My family was coming home from a vacation in Florida. Daddy always kept the speed right around 80 mph (unsafe speed). The car was foggy with his cigarette smoke (second-hand smoke). Mama rode shotgun with her arm across the back of the seat so she could pop Daddy on the shoulder when he started swearing at slow drivers (bad language). She was also in a ready position to swat (physical punishment) whomever she could reach in the backseat when things got rowdy. Little sister Mary always sat in the front (favoritism). My sister Lou and I claimed the back window seats. We each traveled with an arm out the window to continue working on our tans (no sunscreen). Every hour we'd scramble over our brother Clay (no seat belts) and tan the opposite arm. Poor Clay was always stuck in the middle and would get bopped if he even breathed "over the line" (more physical punishment).
We were flying up Highway 17 near Jacksonville, N.C., when Clay screamed "STOP!" and Daddy nearly fishtailed into a ditch.
We jumped out and Clay led us to a boggy patch of Venus Fly Traps. We dug up some for Clay's terrarium (digging rare, endangered plants in the wild) and sped home. How had an 8-year-old spotted the plants through the cloud of smoke and high-speed blur?
We had a natural plantsman in the family.
He's a master gardener now and has taught horticulture classes and garden workshops. He is my "go-to-guy" when I have garden questions. He knows the rules and is not afraid to break them when it comes to trying something new or finding an easier way.
I called him this week with some last-minute questions about saving plants through the winter months.
Annual geraniums were first on my list. He advised me to dig them up before our first hard freeze. Bang the roots against the ground to get off all the dirt. Hang them in the basement or garage -- anywhere that's cool but not freezing -- and forget about them.
By next spring they'll be dry, brittle and brown, and I'll be thinking I wasted my time. But when other gardeners are buying expensive pots of geraniums, I can put mine back in the border or containers, water and wait for them to green up and bloom.

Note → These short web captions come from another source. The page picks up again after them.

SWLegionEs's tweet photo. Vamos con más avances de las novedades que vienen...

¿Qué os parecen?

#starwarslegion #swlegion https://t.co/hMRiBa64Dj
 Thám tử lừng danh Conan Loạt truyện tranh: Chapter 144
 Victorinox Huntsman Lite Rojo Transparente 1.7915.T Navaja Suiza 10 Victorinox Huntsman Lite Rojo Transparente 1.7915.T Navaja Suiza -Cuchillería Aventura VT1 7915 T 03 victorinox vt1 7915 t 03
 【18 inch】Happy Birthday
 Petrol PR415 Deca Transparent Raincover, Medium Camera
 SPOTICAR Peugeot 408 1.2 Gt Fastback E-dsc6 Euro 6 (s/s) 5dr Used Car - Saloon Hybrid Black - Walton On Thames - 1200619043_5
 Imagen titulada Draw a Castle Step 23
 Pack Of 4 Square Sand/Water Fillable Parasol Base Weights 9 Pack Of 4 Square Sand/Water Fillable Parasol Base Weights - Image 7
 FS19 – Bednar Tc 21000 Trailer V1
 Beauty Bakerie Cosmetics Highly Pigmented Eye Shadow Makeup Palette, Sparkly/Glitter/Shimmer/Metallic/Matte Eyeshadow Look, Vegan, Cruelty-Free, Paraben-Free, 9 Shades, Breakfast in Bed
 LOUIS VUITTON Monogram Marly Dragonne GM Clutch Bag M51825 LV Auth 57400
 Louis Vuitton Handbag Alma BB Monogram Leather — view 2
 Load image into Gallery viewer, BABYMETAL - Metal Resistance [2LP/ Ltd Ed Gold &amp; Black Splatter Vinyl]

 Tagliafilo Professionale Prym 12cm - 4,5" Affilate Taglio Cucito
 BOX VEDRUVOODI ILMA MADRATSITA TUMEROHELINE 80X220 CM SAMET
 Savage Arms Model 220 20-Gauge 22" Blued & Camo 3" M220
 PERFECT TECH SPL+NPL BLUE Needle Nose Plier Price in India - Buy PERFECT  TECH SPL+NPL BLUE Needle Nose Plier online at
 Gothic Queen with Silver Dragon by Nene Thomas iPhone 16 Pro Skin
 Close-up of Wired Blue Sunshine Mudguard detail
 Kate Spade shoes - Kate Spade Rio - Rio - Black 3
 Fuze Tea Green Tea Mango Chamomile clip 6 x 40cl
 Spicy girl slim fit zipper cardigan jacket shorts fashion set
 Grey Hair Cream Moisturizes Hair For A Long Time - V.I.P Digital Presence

Last spring I planted several varieties of scented geraniums. They are huge now and the foliage is gorgeous. Clay says I can dig them up, pot them, water them thoroughly and put them near my basement window. He says to let them get very, very dry before I water again. Late next spring I can pop them back into the ground. I'm going to try the same thing with my beautiful sky-blue annual plumbago.
The trick, Clay says, is to try this method with plants that would be considered perennials farther south. I need to simulate a dormant season for them. Cool, but not freezing temperatures. Some light but no need to have hours of bright light every day. Some water when they are completely dry. Too much light and water and they'll be struggling to grow. They need a rest before they get geared up next spring.
He was quick to add his usual disclaimer. "It might work, it might not. But if some of them make it through the winter, you're ahead of the game next April. What've you got to lose?"
It can't hurt to try. It's that or the compost pile as soon as they freeze.
Plants and children have a lot in common. The rules change but somehow they keep on growing.
Correction: While I was writing my last column, our new grandson was born and I'm afraid my mind was on babies instead of gardening. The fabulous composted topsoil that has produced miracles in my yard is from Rockydale Quarries in Roanoke.